== INFORMATION SUPPLIED ==

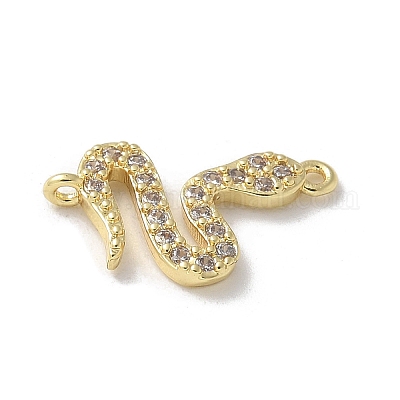 Латунные микропаве прозрачные подвески с фианитом KK-S505-05G-1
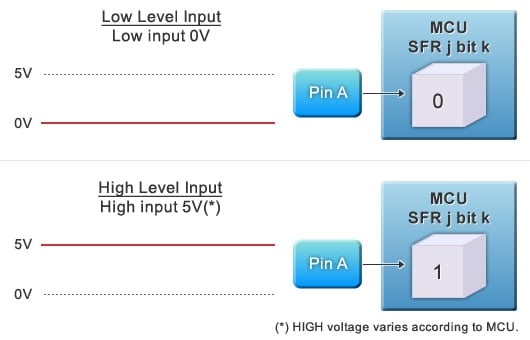 Figure 3: General Purpose I/O Pin; Input Control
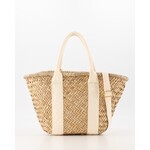 Raffia mini shopper ecru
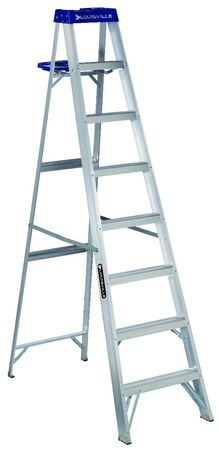 8 ft Louisville AS2108 Aluminum Step Ladder, Type I, 250 lb Load Capacity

===

** DIRECTIONS FOR THIS TASK **
Give the data again exactly, image-free.

** ANSWER FOR THIS EXERCISE **
 Латунные микропаве прозрачные подвески с фианитом KK-S505-05G-1
 Figure 3: General Purpose I/O Pin; Input Control
 Raffia mini shopper ecru
 8 ft Louisville AS2108 Aluminum Step Ladder, Type I, 250 lb Load Capacity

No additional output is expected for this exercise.